▸ Exercise materials:
▬▬▬▬▬▬
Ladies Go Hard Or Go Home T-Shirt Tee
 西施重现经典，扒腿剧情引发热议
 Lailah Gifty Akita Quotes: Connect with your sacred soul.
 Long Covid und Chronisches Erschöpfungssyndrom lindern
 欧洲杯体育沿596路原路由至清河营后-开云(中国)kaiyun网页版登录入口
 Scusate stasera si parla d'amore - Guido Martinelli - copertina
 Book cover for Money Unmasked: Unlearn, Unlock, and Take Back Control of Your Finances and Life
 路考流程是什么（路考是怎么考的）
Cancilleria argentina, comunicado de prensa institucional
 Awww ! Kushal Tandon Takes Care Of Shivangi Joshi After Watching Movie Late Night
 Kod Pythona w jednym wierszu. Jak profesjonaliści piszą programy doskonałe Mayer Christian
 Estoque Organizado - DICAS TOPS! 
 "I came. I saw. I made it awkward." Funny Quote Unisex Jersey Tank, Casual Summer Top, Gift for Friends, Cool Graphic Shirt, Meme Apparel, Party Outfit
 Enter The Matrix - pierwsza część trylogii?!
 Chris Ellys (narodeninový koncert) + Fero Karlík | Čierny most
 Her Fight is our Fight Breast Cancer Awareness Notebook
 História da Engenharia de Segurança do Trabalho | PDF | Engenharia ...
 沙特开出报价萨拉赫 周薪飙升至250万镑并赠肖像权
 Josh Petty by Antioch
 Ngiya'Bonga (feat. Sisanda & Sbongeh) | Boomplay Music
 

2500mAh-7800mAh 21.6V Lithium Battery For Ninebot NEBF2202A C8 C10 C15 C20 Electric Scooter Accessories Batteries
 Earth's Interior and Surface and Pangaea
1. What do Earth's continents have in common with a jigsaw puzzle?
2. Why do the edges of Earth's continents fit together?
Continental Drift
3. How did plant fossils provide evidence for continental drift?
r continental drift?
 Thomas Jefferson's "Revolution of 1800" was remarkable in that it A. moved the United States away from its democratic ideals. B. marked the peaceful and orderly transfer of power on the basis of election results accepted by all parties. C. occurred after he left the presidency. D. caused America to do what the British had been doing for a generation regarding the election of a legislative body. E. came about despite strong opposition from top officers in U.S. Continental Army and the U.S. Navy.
▬▬▬▬▬▬
▸ Exercise directions: Using the listing above, show every line that includes the string "Shirt".

▸ Problem solution:
Ladies Go Hard Or Go Home T-Shirt Tee
 "I came. I saw. I made it awkward." Funny Quote Unisex Jersey Tank, Casual Summer Top, Gift for Friends, Cool Graphic Shirt, Meme Apparel, Party Outfit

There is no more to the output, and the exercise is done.